◆ PROBLEM DESCRIPTION ◆
Take the listing and give it again exactly, from its first line to its last line.

◆ DATA TO EXAMINE ◆

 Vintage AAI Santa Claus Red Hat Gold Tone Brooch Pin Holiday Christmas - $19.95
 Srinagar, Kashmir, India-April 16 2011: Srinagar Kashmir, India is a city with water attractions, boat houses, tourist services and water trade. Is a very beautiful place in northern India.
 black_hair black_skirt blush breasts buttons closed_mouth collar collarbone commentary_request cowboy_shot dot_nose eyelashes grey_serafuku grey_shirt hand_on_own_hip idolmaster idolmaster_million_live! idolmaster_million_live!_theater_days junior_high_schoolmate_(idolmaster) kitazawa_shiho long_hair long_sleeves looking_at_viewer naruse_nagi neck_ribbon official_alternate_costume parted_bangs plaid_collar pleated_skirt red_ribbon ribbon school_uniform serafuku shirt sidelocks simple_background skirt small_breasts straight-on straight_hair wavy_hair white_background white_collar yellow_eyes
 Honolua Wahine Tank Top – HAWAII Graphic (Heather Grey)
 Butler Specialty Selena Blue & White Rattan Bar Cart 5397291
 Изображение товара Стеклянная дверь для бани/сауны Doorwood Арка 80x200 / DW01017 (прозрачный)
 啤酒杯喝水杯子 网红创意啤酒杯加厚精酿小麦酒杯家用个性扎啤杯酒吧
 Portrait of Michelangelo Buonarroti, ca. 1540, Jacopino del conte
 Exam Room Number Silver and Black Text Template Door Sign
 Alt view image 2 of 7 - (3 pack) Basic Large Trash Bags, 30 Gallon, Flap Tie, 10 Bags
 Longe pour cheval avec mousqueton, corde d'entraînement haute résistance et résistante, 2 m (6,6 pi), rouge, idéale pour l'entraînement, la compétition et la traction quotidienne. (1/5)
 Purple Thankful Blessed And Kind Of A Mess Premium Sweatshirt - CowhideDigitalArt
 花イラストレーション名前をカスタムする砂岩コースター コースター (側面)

◆ OUTPUT OF THE TASK ◆
 Vintage AAI Santa Claus Red Hat Gold Tone Brooch Pin Holiday Christmas - $19.95
 Srinagar, Kashmir, India-April 16 2011: Srinagar Kashmir, India is a city with water attractions, boat houses, tourist services and water trade. Is a very beautiful place in northern India.
 black_hair black_skirt blush breasts buttons closed_mouth collar collarbone commentary_request cowboy_shot dot_nose eyelashes grey_serafuku grey_shirt hand_on_own_hip idolmaster idolmaster_million_live! idolmaster_million_live!_theater_days junior_high_schoolmate_(idolmaster) kitazawa_shiho long_hair long_sleeves looking_at_viewer naruse_nagi neck_ribbon official_alternate_costume parted_bangs plaid_collar pleated_skirt red_ribbon ribbon school_uniform serafuku shirt sidelocks simple_background skirt small_breasts straight-on straight_hair wavy_hair white_background white_collar yellow_eyes
 Honolua Wahine Tank Top – HAWAII Graphic (Heather Grey)
 Butler Specialty Selena Blue & White Rattan Bar Cart 5397291
 Изображение товара Стеклянная дверь для бани/сауны Doorwood Арка 80x200 / DW01017 (прозрачный)
 啤酒杯喝水杯子 网红创意啤酒杯加厚精酿小麦酒杯家用个性扎啤杯酒吧
 Portrait of Michelangelo Buonarroti, ca. 1540, Jacopino del conte
 Exam Room Number Silver and Black Text Template Door Sign
 Alt view image 2 of 7 - (3 pack) Basic Large Trash Bags, 30 Gallon, Flap Tie, 10 Bags
 Longe pour cheval avec mousqueton, corde d'entraînement haute résistance et résistante, 2 m (6,6 pi), rouge, idéale pour l'entraînement, la compétition et la traction quotidienne. (1/5)
 Purple Thankful Blessed And Kind Of A Mess Premium Sweatshirt - CowhideDigitalArt
 花イラストレーション名前をカスタムする砂岩コースター コースター (側面)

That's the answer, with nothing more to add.